So, for me, a world without suffering would be a world that did not enable me to be human in the deeper way that I have grown over the years because of my suffering and that of others.

Don't ever give up on exploring the mystery of your own life and the mystery of God, but never expect to be able to get an answer that means there is no longer any mystery.  If you could, then you would not be dealing with God.


MOST REV MICHAEL E PUTNEY Bishop of Townsville 

Question 10

Why does God choose some people? For example, Padre Pio used to talk to angels when he was small, Anne Catherine Emmerich used to see visions when very young, St Joan used to hear voices.....all babies are innocent while they are why doesn't everyone get visions when small and only some?...If he had given everyone visions I am sure the world will be a good place.


Each of us has been created in God's image but we are also made to be our own individual and unique person.  God chooses to reveal himself in a way that is unique to each individual because he knows what is best for each of us and knows when to reveal himself and when to give us time to seek him. 

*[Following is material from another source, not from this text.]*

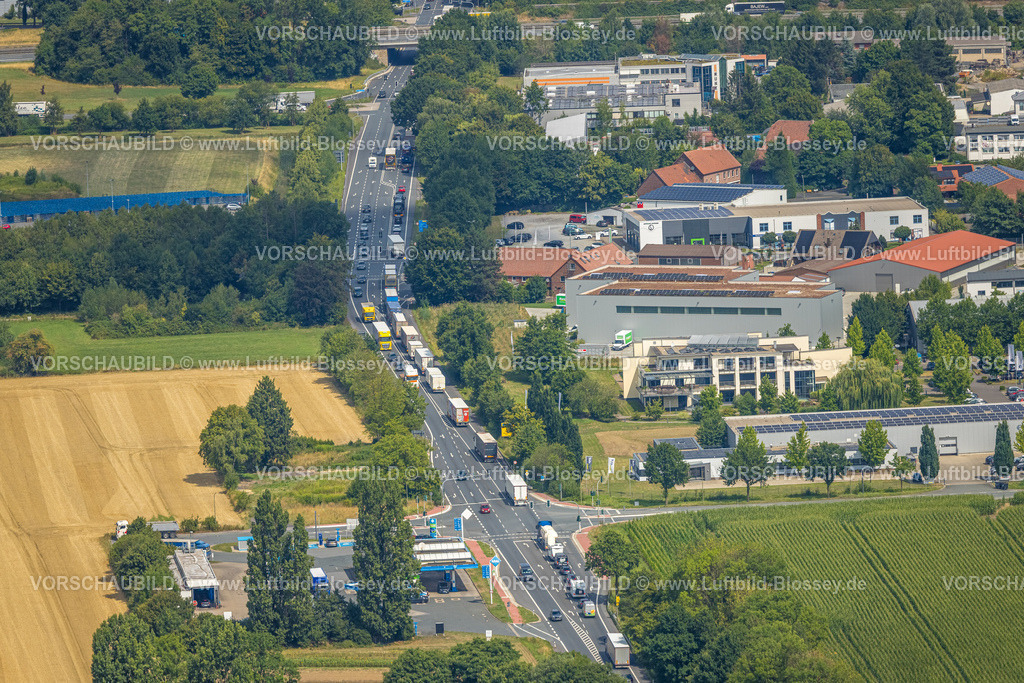 Hamm250701872Rhynern | Luftbild, Straßenkreuzung Werler Straße (B63) und Oberallener Weg mit Gewerbegebiet, ARAL Tankstelle,  LKW Stau Straßenverkehr, Stadtbezirk Rhynern, Hamm, Ruhrgebiet, Nordrhein-Westfalen, Deutschland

If you look at the lives of people in the Bible, you will see that each person who was touched by God and experienced Him revealing Himself to them, experienced God in a different way.  Moses found him in the burning bush, Elijah in the gentle wind, and St Paul was blinded and knocked to the ground.

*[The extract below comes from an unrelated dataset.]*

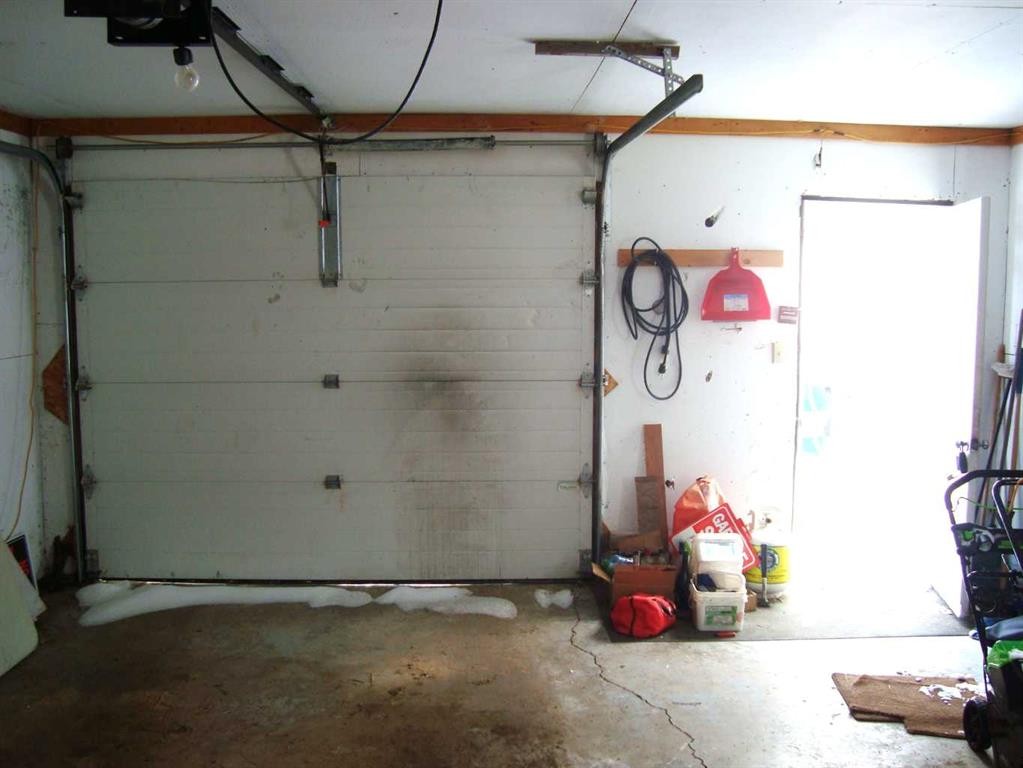 107 2Nd Avenue North, Torrington, AB - Indoor Photo Showing Garage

We encounter God at various times when God is ready to reveal himself and at a time when we are ready to experience him.  Some of the saints experienced God in very tangible and extraordinary ways, such as visions and voices; but not all.  For many, God did not give them any great sense of his presence for much of their lives.  They experienced what St John of the Cross called "the dark night of the soul".

The saints, too, always discouraged people focussing on the extraordinary, because it was too easy to settle for those special signs of God's presence and not make the difficult journey of growing closer to God every day.  Also, people can easily mistake for signs of the presence of God what in fact are simply their own emotions, or events that have other natural explanations.  It is a very tricky area and not the normal way God uses for us to grow close to him.  God seems rather to want us to grow gradually as we long for him more and more, and seek him with greater eagerness.  We change so that we are more and more able to receive his gift of himself, but always the fullness of the gift still remains something that awaits at the end of our lives.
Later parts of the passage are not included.